Terminology and Concepts

In order to talk about Certificate Authorities (CAs), and Public-Key Infrastructures (PKIs), we will require some terminology:

Public Key
The public component of an RSA key pair. This may be extracted from an RSA private key, such as those generated using the openssl genrsa command. These keys are usually stored in PEM format.
Private Key
The private component of an RSA key pair. These are generated using the openssl genrsa command, and contain all the information required to generate an associated public key. These keys are usually stored in PEM format.
PEM format

The most common file format for RSA key files. Ths format consists of a base64-encoded ASN.1 DER-encoded format offset by 

-----BEGIN RSA PRIVATE KEY-----
-----END RSA PRIVATE KEY-----

lines.

x509 Certificate
Essentially, a signed public key.
Certificate Authority (CA)
A trusted entity responsible for signing public keys (and hence, creating certificates).
Public Key Infrastructure (PKI)
A hierarchy of certificate authorities. This can range in complexity from a single, central certificate authority, to the highly decentralized PGP web-of-trust model.
Distinguished Name (DN)
A formal notation describing the holder of a particular x509 certificate.

File Locations

For this document, we assume keys are stored in their default locations on an OpenBSD machine; i.e.

/etc/ssl
SSL public keys
/etc/ssl/private
SSL private keys

In practice, the public key directory should be world readable, and the private key directory should be readable only by root.

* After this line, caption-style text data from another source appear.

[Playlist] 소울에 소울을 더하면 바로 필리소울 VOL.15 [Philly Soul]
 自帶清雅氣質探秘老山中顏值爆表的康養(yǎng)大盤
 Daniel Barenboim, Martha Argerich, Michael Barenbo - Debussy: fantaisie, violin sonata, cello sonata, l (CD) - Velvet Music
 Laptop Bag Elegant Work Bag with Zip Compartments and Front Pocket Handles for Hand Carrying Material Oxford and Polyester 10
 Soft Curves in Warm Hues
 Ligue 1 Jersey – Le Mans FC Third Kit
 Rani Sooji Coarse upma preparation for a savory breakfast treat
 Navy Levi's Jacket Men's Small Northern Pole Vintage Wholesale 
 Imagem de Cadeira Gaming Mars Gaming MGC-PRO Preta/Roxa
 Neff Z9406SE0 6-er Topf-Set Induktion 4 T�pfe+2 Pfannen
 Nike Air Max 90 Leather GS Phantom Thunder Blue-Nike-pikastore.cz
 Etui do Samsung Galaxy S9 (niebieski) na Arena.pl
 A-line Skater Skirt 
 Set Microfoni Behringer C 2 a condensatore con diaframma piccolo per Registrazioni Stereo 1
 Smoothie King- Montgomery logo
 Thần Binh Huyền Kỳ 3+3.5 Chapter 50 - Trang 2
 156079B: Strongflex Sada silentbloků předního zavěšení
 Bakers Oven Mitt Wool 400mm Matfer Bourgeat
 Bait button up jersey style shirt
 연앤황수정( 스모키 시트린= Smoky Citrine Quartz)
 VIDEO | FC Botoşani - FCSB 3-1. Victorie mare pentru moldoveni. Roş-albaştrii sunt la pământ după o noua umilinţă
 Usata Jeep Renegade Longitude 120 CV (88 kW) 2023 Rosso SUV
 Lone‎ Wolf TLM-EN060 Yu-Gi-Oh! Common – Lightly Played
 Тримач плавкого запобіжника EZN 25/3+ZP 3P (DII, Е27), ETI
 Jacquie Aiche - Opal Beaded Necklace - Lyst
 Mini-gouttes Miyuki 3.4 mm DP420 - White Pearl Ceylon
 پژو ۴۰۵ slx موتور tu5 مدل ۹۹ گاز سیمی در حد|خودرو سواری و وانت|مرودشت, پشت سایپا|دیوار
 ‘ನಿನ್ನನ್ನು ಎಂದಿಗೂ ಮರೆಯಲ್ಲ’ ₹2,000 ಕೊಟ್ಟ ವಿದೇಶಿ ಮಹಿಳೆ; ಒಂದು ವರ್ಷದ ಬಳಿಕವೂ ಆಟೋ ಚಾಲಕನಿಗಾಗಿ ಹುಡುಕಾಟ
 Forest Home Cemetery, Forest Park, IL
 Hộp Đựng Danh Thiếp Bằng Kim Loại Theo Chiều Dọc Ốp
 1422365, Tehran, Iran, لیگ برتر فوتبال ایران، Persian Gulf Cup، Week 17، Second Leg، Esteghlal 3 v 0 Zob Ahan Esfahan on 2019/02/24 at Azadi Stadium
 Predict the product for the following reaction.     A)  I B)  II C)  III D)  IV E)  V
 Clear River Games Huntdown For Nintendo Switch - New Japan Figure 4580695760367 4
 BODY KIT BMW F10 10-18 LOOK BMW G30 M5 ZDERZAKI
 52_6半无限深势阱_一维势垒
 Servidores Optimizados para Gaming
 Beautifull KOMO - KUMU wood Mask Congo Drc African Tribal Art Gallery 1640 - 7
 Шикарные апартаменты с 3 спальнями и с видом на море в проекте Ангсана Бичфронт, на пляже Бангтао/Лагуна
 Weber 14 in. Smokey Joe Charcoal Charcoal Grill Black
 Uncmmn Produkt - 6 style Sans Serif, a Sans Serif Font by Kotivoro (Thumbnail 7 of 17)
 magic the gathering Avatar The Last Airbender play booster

Generating an RSA key pair

The following generates an RSA private key. This key also includes sufficient information to generate the public key, if desired. 

  # openssl genrsa -out /etc/ssl/private/host.key 1024

To generate an encrypted key (protected by a passphrase): 

  # openssl genrsa -3des -out /etc/ssl/private/host.key 1024

Once generated, this key may be manipulated using the openssl rsa command. There are several possible reasons to manipulate this key:

For example, to remove a passphrase from a host key: 

  # openssl rsa -in host.key -out host-nopw.pem

To convert a PEM-format key to a DER-format one: 

  # openssl rsa -in host.key -outform DER -out host.der

RSA Private key file formats

There are currently 3 formats in use:

PEM (default)
Ths format consists of a base64-encoded DER format with additional header and footer lines.
DER
An ASN.1 DER-encoded format compatible with the PKCS#1 RSAPrivateKey or SubjectPublicKeyInfo format.
NET
This is a format compatible with older Netscape and IIS servers. As it uses unsalted ARC4 for its encryption, it is not particularly secure and should be avoided if possible.

Self-signed certificates

A self-signed certificate is a public key that has been signed by its own private key. Why bother, you ask? Public key infrastructures expect that someone is certifying the authenticity of a public key. If there is no-one else available, a certificate must be self-signed.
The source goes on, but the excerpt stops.